Art History Research Seminar: ‘Curating the Moon’ with Dr Melanie Vandenbrouck, Curator of Art at the Royal Museums Greenwich
In 2019, Dr Melanie Vandenbrouck, Curator of Art at the Royal Museums Greenwich, curated two major exhibitions, The Moon at the Royal Museums Greenwich and Moonlight at the Hasselblad Foundation, Gothenburg. On the 4th March, we were fortunate enough to have Dr Vandenbrouck present to us at NCH on what it was like curating these exhibitions.
The exhibitions themselves dealt with our ‘emotional investment’ in the moon, as the closest and most visible object in the night sky. Dr Vandenbrouck wanted the Greenwich exhibition to convey that whilst the moon is no longer an unreachable entity, the same technological advances that have brought Earth’s natural satellite nearer to us may also have dimmed some of its appeal. Likewise, if for millennia, people have relied on the moon for such activities as harvest, timekeeping or rituals, in our increasingly floodlit world, our more personal understanding of the moon is at risk of being lost.
The exhibition at Greenwich comprised over 180 objects, spanning 2,500 years.

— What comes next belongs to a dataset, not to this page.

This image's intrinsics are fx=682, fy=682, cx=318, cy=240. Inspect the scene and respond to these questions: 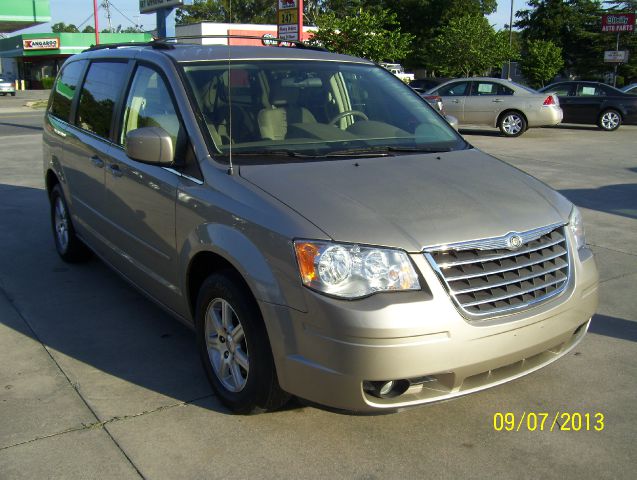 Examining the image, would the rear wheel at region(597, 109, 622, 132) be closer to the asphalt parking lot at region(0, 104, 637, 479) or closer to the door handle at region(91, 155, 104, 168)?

From the earliest item, a Mesopotamian tablet from 172 BCE that showed how the lunar eclipses were considered bad omens, all the way to a papier-mâché space helmet made by an eight-year-old in 1969 according to Blue Peter’s instructions. The latter was a particular highlight for generations that remembered the ‘Space Race’ that began in 1955.
The exhibition also dealt with how artists have conveyed personal connections to the moon. William Blake’s 1793 etching I want! I want! concisely conveyed the thrill and anticipation of trying to reach the unreachable. Similarly, the work of contemporary artists such as Leonid Tishkov’s photo series Private Moon spoke to our intimate relationship with our ‘cosmic companion’.
Dr Vandenbrouck ended her talk by telling us about the emotional reactions of the crew members of Apollo 8, as they witnessed an ‘earthrise’ (the moment the Earth climbs over the Moon’s horizon) with human eyes for the first time on 24 December 1968. As Bill Anders, the astronaut who captured this in a famous photograph said, ‘We came all this way to explore the Moon, and the most important thing is that we discovered the Earth.’ His Earthrise picture has been credited as kick- starting the environmental movement. Then and most poignantly now, Earthrise reinforces not only the beauty, but also the fragility of our planet. Stressing the severity of the present climate crisis, Dr Vandenbrouck concluded her lecture by asking us: ‘Fifty years on, what have we done?’